On Monday 01 May 2006 21:00, Perrin Harkins wrote:
> No.  The current best bet is Linux::Smaps, which Apache2::SizeLimit now
> uses.

For 2.4 kernel series the figures got from /proc/PID/statm are as valid as the 
figures from Linux::Smaps for kernels 2.6.14 and higher. For 2.6.0 up to 
2.6.13 there is no way to count COW (shared by copy-on-write) pages. Since 
COW is the main way of sharing memory in a mod_perl environment figures that 
don't take these pages into account are useless.

But even with Linux::Smaps a problem remains when swapping/paging is allowed. 
When a page is erased from memory and lives only in swap space there is no 
other way on Linux to determine to how many processes it belongs than to page 
it in.
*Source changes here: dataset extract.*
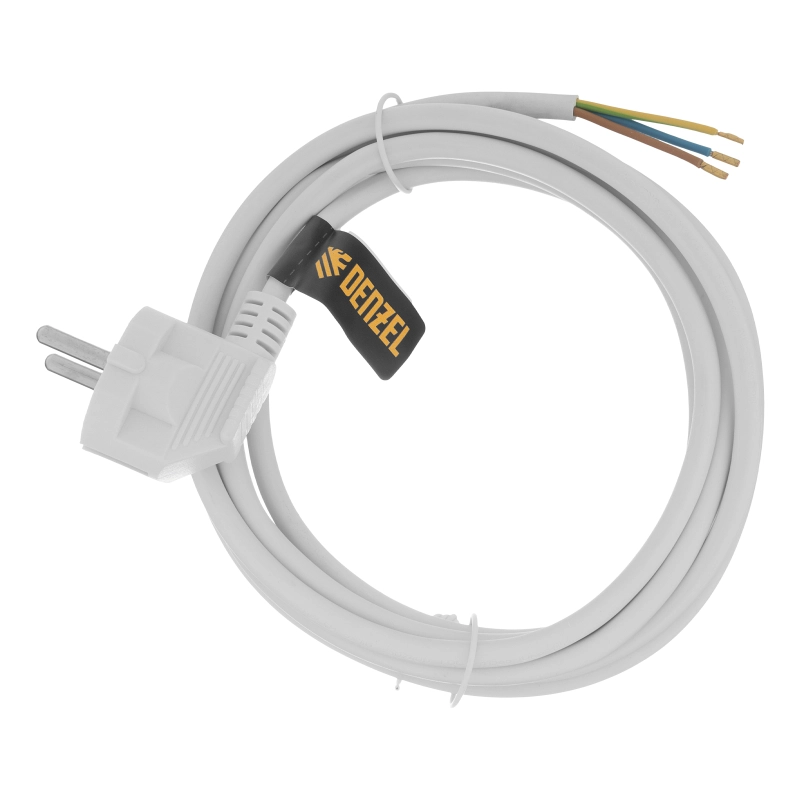 Шнур сетевой Energy Series, ПВС, 3 м, 3 x 1 мм, с неразборной вилкой, белый, Denzel (37666)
And this is certainly to much overhead only for that.

To overcome this problem either disable all swap space or put these lines into 
your startup.pl:

------------ %< -------------------------------
require 'syscall.ph';
require 'sys/mmap.ph';

0==syscall &SYS_mlockall, &MCL_CURRENT | &MCL_FUTURE
  or die "ERROR: mlockall failed: $!\n";
------------ %< -------------------------------

or a little shorter:

------------ %< -------------------------------
0==syscall 152, 3 or die "ERROR: mlockall failed: $!\n";
------------ %< -------------------------------

This locks the parent apache completely into memory making it unpageable. The 
worker processes remain pageable. Now you waste a few megabytes of main 
memory but since the parent process is completely in core and, hence, all 
shared portions are so as well the private memory for each child is correctly 
determined by counting private pages plus swapped pages. This can be done by 
reading /proc/PID/smaps for >=2.6.14 or by reading /proc/PID/statm for 2.4.x.